Exercise aim: Your answer must be an exact copy of the listing, with the images left out.

Dataset section:
########################################
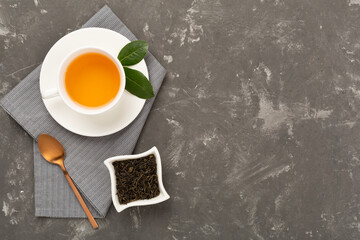 Cup of tea with dry and fresh leaves on concrete background, top view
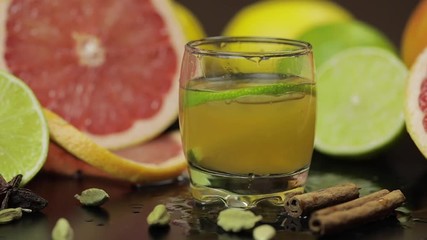 Lime slice falls into a glass cup with an alcoholic cocktail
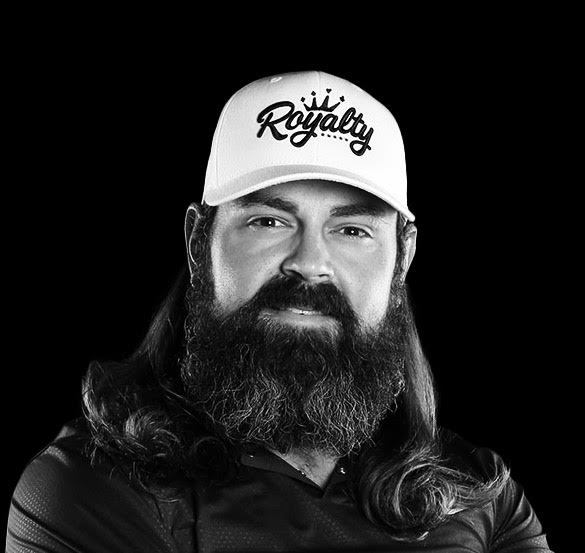 Man with long hair and beard wearing a white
########################################
Final answer:
 Cup of tea with dry and fresh leaves on concrete background, top view
 Lime slice falls into a glass cup with an alcoholic cocktail
 Man with long hair and beard wearing a white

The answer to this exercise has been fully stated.